[Opening Records for the exercise section]

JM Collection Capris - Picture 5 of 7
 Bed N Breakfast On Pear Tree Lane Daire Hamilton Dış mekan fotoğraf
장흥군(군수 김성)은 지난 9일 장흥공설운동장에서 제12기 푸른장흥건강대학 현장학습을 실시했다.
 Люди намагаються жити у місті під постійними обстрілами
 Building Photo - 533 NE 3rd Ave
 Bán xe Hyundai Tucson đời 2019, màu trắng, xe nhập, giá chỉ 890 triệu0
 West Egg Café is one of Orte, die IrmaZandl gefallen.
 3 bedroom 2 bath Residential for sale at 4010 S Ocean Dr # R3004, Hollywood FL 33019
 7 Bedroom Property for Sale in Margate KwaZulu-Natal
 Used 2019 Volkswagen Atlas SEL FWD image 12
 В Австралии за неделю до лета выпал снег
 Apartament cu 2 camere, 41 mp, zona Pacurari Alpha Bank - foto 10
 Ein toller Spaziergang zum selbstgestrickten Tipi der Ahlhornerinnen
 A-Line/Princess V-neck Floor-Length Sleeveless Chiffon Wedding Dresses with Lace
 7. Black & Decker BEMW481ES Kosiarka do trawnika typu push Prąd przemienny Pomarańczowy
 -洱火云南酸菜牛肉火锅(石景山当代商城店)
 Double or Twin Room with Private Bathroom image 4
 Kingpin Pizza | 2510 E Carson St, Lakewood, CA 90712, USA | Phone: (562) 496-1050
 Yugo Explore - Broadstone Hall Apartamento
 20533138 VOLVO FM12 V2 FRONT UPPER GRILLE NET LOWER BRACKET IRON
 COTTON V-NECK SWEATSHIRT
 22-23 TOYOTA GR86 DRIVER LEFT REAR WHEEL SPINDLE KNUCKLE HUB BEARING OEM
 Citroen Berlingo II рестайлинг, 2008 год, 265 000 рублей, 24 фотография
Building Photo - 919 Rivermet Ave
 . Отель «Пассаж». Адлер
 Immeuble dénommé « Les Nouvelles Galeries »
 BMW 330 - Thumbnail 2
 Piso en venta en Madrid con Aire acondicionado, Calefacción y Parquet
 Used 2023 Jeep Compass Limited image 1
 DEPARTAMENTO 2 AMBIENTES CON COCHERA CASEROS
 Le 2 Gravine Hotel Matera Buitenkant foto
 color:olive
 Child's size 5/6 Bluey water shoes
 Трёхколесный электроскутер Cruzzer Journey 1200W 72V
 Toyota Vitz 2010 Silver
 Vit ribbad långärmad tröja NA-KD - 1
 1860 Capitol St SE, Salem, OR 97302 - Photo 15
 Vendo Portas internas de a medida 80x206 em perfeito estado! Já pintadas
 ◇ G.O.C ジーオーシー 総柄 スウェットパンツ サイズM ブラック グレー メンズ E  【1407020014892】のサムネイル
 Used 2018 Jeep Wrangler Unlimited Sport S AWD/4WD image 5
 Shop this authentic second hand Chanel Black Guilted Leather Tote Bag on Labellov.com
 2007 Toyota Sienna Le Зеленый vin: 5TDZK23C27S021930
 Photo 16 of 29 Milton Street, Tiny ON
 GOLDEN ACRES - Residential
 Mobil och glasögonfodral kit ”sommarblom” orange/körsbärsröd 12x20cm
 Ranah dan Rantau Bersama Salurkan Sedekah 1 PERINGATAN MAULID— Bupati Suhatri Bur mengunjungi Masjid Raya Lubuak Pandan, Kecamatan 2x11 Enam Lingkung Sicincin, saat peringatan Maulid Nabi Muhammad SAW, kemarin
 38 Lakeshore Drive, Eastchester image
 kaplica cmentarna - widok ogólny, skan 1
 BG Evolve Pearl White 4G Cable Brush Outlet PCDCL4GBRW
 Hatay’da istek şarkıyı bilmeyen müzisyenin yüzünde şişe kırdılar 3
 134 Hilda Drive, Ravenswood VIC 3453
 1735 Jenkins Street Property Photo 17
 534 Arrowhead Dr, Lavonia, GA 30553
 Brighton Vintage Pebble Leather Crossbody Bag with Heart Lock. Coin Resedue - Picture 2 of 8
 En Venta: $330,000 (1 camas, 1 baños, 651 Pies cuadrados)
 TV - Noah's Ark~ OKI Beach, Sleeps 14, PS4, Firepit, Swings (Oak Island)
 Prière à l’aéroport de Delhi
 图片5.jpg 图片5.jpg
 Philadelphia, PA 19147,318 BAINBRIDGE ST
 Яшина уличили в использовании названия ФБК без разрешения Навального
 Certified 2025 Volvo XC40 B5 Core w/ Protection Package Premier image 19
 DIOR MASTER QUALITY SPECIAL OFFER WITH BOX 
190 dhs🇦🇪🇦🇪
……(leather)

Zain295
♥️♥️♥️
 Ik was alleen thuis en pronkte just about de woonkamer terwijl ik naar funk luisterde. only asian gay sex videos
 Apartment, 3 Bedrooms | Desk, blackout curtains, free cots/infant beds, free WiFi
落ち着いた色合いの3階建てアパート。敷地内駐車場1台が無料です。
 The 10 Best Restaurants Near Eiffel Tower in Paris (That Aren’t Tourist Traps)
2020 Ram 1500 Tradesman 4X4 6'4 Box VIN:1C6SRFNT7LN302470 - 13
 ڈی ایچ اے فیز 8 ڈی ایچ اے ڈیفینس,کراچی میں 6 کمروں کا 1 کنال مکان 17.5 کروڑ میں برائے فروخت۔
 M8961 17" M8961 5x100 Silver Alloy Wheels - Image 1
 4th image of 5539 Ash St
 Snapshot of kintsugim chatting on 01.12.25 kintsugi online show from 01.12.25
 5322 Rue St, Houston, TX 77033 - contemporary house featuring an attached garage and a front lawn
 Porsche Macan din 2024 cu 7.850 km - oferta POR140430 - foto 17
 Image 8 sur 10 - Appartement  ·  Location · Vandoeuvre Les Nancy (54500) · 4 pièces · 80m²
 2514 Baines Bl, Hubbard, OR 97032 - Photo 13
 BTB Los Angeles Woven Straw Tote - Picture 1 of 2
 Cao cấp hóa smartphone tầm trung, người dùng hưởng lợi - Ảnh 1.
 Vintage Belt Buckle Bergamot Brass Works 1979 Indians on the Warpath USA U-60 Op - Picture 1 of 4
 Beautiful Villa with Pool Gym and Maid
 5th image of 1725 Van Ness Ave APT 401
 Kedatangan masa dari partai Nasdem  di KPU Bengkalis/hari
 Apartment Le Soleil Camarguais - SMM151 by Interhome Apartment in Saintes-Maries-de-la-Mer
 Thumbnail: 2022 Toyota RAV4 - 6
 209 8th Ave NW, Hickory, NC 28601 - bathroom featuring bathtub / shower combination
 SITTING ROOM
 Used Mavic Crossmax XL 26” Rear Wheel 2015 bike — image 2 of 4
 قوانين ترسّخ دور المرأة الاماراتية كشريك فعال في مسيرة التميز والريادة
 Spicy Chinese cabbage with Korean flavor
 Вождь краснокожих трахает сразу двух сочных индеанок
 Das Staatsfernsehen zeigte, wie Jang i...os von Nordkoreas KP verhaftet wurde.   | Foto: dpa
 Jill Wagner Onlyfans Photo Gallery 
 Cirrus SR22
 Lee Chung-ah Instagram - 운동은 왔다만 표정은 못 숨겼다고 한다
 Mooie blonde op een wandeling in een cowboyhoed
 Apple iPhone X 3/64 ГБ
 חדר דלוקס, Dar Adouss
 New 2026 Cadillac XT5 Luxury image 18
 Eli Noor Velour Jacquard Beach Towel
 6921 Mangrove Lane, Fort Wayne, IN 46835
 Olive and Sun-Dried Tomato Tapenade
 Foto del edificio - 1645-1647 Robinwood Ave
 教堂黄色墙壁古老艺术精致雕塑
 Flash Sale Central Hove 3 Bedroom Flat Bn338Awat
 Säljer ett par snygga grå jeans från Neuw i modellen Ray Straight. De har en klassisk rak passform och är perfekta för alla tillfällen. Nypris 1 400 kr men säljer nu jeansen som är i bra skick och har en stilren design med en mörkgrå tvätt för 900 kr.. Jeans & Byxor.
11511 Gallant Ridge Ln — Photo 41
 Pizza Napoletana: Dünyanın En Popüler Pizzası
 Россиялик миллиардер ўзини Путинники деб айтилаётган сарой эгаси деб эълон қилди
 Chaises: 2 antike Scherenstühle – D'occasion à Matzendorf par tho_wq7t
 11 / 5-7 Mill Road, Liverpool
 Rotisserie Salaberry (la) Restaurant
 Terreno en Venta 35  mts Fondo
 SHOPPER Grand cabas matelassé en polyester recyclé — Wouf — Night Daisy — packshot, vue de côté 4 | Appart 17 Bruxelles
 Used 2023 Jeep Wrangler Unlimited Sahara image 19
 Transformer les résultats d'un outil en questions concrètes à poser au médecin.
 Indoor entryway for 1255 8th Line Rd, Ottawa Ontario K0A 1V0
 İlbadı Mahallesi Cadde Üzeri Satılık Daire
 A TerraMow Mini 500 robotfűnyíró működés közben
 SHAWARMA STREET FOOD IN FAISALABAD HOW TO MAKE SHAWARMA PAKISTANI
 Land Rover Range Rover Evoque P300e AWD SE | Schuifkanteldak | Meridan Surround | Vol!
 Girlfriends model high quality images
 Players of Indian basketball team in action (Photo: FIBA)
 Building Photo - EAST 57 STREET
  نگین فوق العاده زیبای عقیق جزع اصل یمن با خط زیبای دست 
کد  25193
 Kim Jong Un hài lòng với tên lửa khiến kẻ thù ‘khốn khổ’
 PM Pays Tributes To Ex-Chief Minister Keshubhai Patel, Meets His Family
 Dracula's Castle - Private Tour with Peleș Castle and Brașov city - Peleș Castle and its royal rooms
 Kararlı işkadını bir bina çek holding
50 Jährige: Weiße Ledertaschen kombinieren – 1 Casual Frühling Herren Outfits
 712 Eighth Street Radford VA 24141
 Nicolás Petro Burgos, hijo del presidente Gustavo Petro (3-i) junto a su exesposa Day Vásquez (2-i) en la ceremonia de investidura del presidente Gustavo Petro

[Closing Records for the exercise section]

:: What needs to be done ::
In the data above, retype exactly and only the lines between the one holding "2020 Ram 1500" and the one holding "Porsche Macan din", inclusive.

:: Completed task ::
2020 Ram 1500 Tradesman 4X4 6'4 Box VIN:1C6SRFNT7LN302470 - 13
 ڈی ایچ اے فیز 8 ڈی ایچ اے ڈیفینس,کراچی میں 6 کمروں کا 1 کنال مکان 17.5 کروڑ میں برائے فروخت۔
 M8961 17" M8961 5x100 Silver Alloy Wheels - Image 1
 4th image of 5539 Ash St
 Snapshot of kintsugim chatting on 01.12.25 kintsugi online show from 01.12.25
 5322 Rue St, Houston, TX 77033 - contemporary house featuring an attached garage and a front lawn
 Porsche Macan din 2024 cu 7.850 km - oferta POR140430 - foto 17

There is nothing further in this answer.